BP Shares Shift Higher on Potential Sale of Interest in Russian Joint Venture
|Type||Public limited company|
|Industry||Oil and Gas Producers|
ADVFN News - Lou Gutheil
BP's share price hit 412.90p this morning, the stock’s best performance level in 3 weeks. It was up 4.3% and 18.00p early on,  but seemed to be moderating at mid-morning, drifting back to 405.55p. This was still 10.65p above yesterday’s close.  The early jump in share price came in response to a press release issued at 7:00 am. 
The Press Release
- The first line of the release pretty much said it all: "BP announced today that it has received unsolicited indications of interest regarding the potential acquisition of its shareholding in TNK-BP."  TNK-BP is the third largest oil production company in Russia, which itself is the number one producer in the world. 
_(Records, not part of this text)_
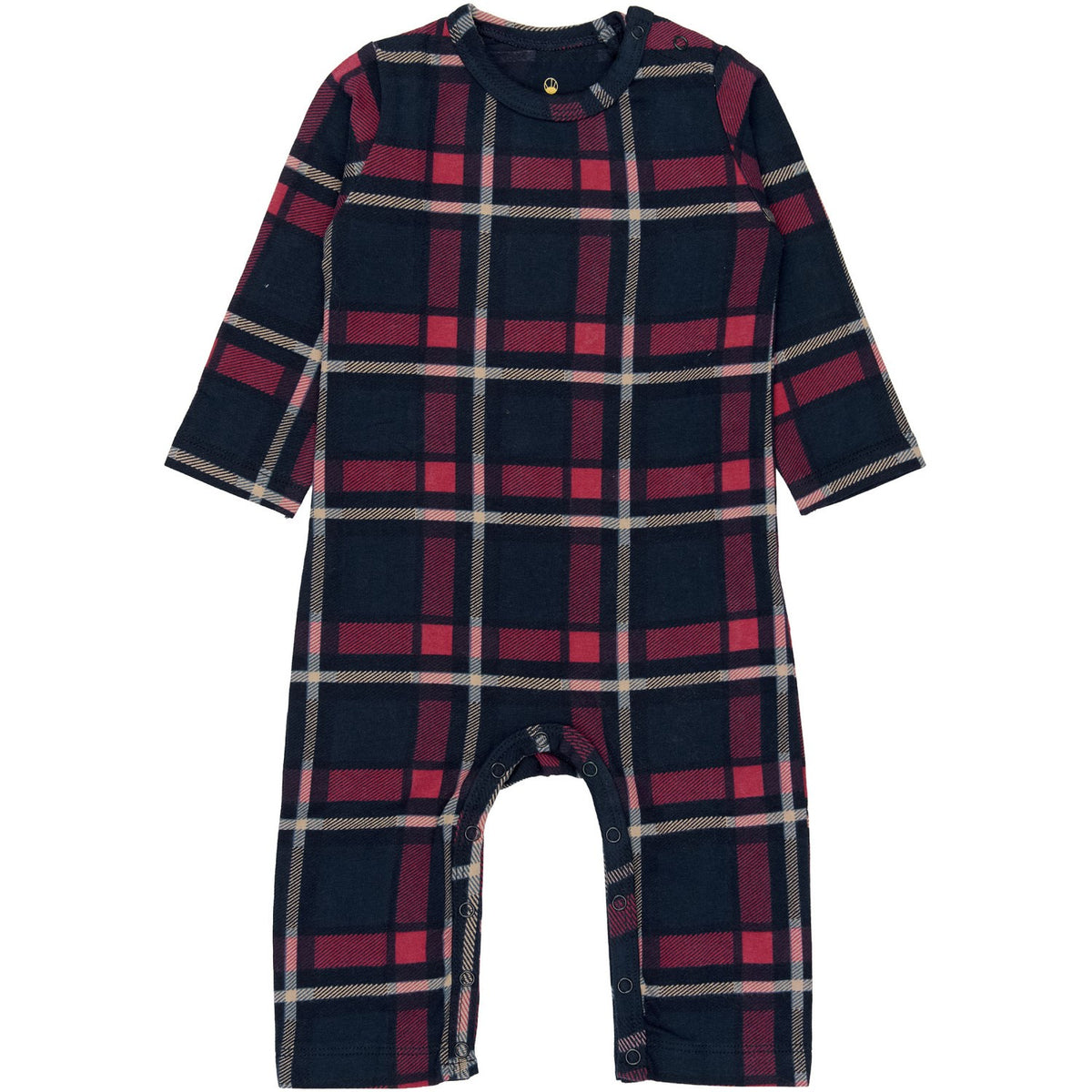 THE NEW Siblings Navy Blazer Check Tnsbholiday Tartan L_S Buksedrakt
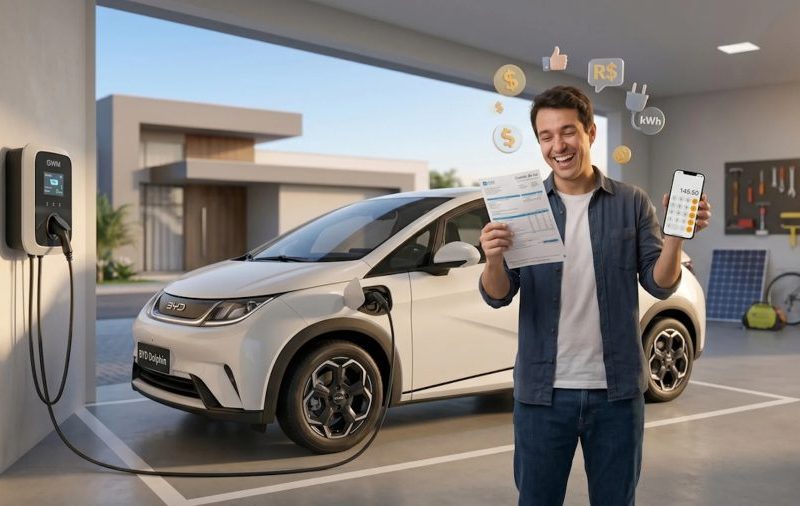 Carro elétrico em casa: veja quanto a conta de luz vai subir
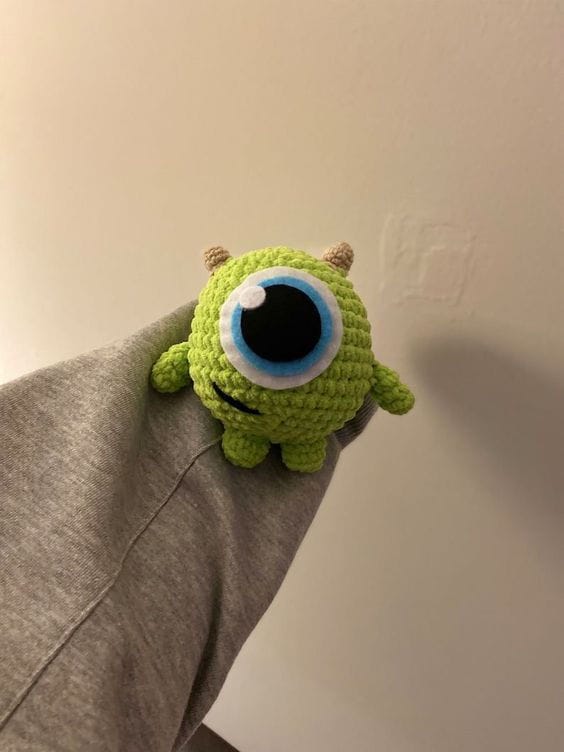 Mini rana verde llavero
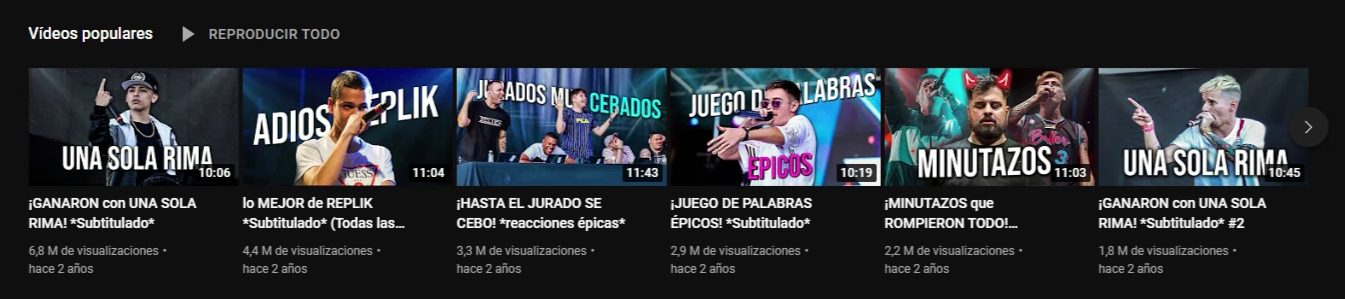 Videos populares de Esquina Rapper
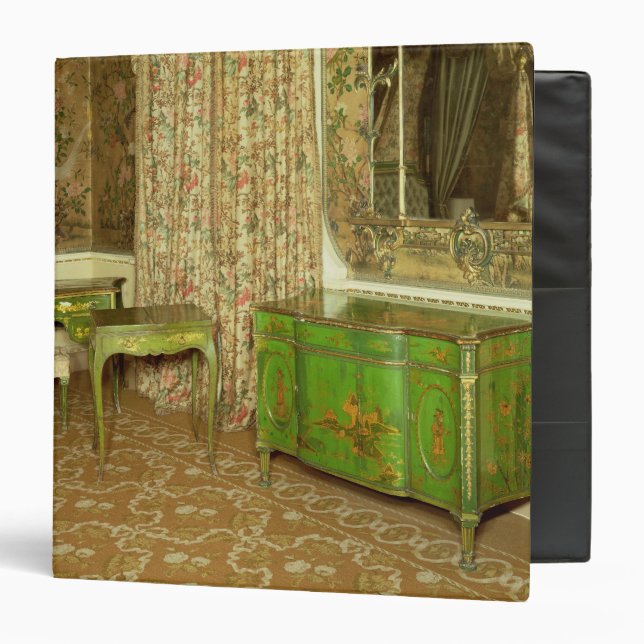 Green and gold lacquer furniture in the state binder (Front/Inside)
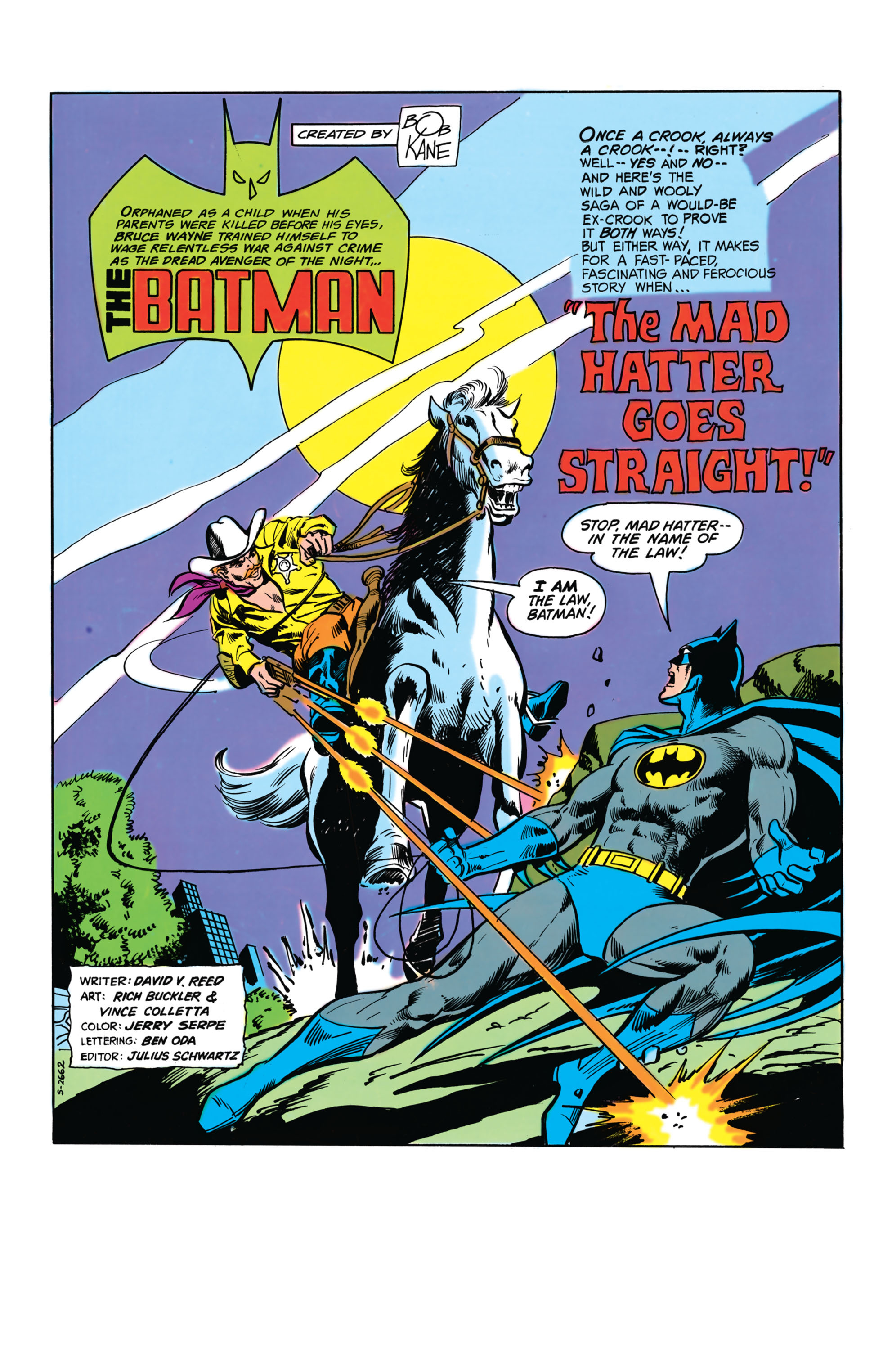 Read online Batman (1940) comic -  Issue #297 - 2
- The relationship between BP and its 50% partner, Alfa Access Renova (AAR),  a consortium of three Russian billionaires, has been strained for several years.  Although there were less publicised disputes from the inception of the partnership in 2003, a successful attempt by AAR to block a joint venture between BP and another Russian company raised the disagreements to a new level. The Russians said that such a deal should be made through TNK-BP, and not BP alone.  The tension between the partners had stimulated BP to offer to buy out AAR for $34 billion in 2011. Almost simultaneously, AAR said that it would be interested in acquiring BP’s share of the business.
- BP’s announcement today follows the latest turmoil at TNK-BP when CEO Mikhail Fridman abruptly announced his resignation.  That move was apparently a gambit to demonstrate that there is no love lost between the partners. The Guardian quoted "a source close to Firdman" as saying that "The Russians have decided they want to renegotiate their stakes and change the structure of the partnership." He indicated that what AAR wants is "Either BP leaves completely or reduces its stake to become a junior partner."  In reality, the Russian government has been adverse to foreign investment since the formation of TNK-BP in 2003, preferring to have large oil-fields under state control. 
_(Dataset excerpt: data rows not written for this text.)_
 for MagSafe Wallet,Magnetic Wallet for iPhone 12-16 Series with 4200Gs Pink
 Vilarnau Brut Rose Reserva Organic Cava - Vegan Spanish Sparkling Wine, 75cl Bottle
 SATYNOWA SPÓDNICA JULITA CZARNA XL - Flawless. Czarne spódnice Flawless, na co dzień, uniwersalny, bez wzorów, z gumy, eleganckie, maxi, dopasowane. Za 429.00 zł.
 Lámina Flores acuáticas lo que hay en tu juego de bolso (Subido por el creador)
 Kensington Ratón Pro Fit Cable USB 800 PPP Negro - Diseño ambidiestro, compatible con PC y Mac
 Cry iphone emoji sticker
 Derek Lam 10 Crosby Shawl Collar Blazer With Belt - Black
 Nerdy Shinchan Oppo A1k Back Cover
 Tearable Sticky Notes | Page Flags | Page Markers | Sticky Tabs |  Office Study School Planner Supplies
- The potential consequences of the sale of BP’s portion of the company are interesting. Whilst the most obvious downside is that it would lose 30% of its total oil and gas production and about $3.7 billion per year in dividends, the upside is that BP would have an immediate influx of up to $30 billion which could "help the ongoing cost of cleaning up the 2010 Gulf of Mexico oil spill" and increase the ability to invest in other more profitable and less contentious ventures. 
BP has not revealed the names of the parties who have presented the offers. In its announcement the company also said that “there can be no guarantee that any transaction will take place.” 
BP is one of the world’s largest oil and gas companies operating in countries around the globe providing petrol and petrochemical products, alternative energy, shipping, and a host of other related businesses.